Reporter: Asep Munazat Zatnika | Editor: Sanny Cicilia
JAKARTA. Mundurnya pembahasan Rancangan Undang-undang pengampunan pajak (tax amnesty), menjadi salah satu alasan pemerintah harus merevisi target penerimaan pajak tahun 2016. Pasalnya, aturan itu masih belum bisa berlaku dan berimbas.
Padahal, tax amnestym enjadi andalan pemerintah untuk mengejar target penerimaan pajak tahun 2016, sebesar Rp 1.360 triliun. Sementara itu, penerimaan pajak tahun 2015 saja kemungkinan meleset dari target yang sebesar Rp 1.294 triliun.
Melihat perkembangan tersebut, Direktur Eksekutif Center for Indonesia Taxation Analysis (CITA) Yustinus Prastowo menilai target pajak tahun 2016 tidak realistis. "Paling realistis target pajak tahun 2016 hanya tumbuh 15% dari realisasi 2015," kata Yustinus, Rabu (16/12) di Jakarta.
CITA memperkirakan realisasi penerimaan pajak tahun 2015 berdasarkan prognosa hanya sebesar Rp 1.015 triliun.
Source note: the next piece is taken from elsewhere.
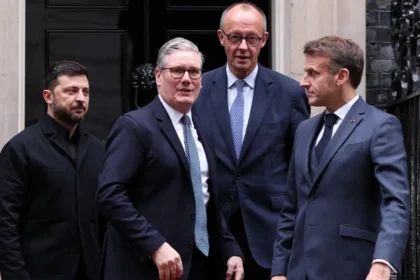 İngiltere, Fransa ve Almanya liderleri, Trump ile Ukrayna’yı görüştü | NTV Haber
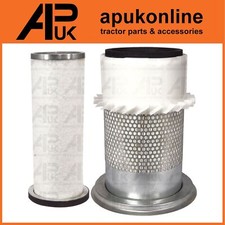 Inner & Outer Air Filter Kit for Massey Ferguson 365 375 390 T 398 399 Tractor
Nah, berdasarkan itu maka target penerimaan pajak yang paling realistis menurut CITA sekitar Rp 1.167,25 triliun.
Selain masalah tax amnesty, revisi dianggap perlu dilakukan karena kemampuan pemerintah untuk mengejar target tidak cukup. Penerimaan pajak, selama ini masih mengandalkan Paak Pertambahan Nilai (PPN), yang sangat tergantung pertumbuhan industri.
Kenyataannya, pertumbuhan industri yang selama ini diandalkan seperti komoditas, perkebunan dan pertambangan sedang melambat. Di sisi lain, kemampuan pemerintah untuk menarik Pajak Penghasilan (PPh) badan masih stagnan, hanya PPh pasal 21 yang meningkat. itupun berasal dari PPh orang pribadi.
Supaya bisa memperbaiki kondisi itu, pemerintah harus mendorong kepatuhan membayar pajak, terutama dari WP orang pribadi. Namun, hal ini menjadi tantangan ketika DIrektorat Jenderal Pajak masih belum mendapatkan kepercayaan penuh masyarakat.